## [Task brief]
Write the data out again exactly, dropping any images it holds.

## [Dataset extract]

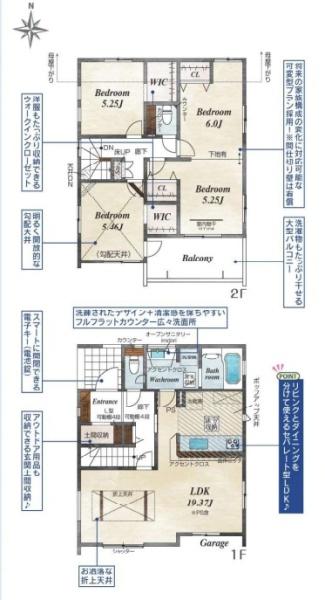 川口市安行領家全4棟14号棟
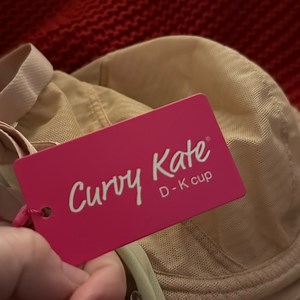 Curvy Kate Tan Full-Coverage Bra with Underwire Support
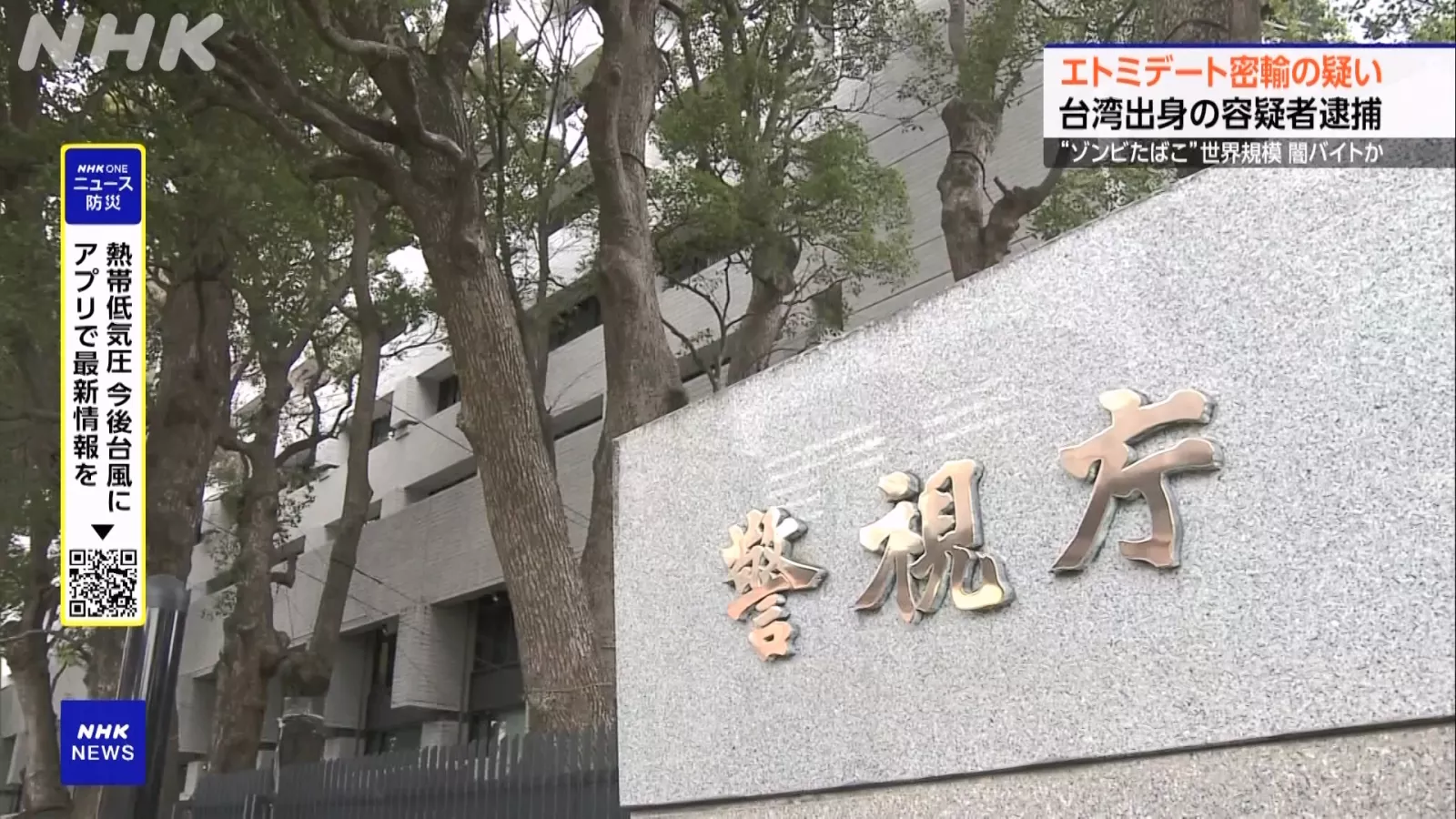 威士忌酒瓶藏依托咪酯 台籍女子入境日本遭逮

## [Exercise response]
 川口市安行領家全4棟14号棟
 Curvy Kate Tan Full-Coverage Bra with Underwire Support
 威士忌酒瓶藏依托咪酯 台籍女子入境日本遭逮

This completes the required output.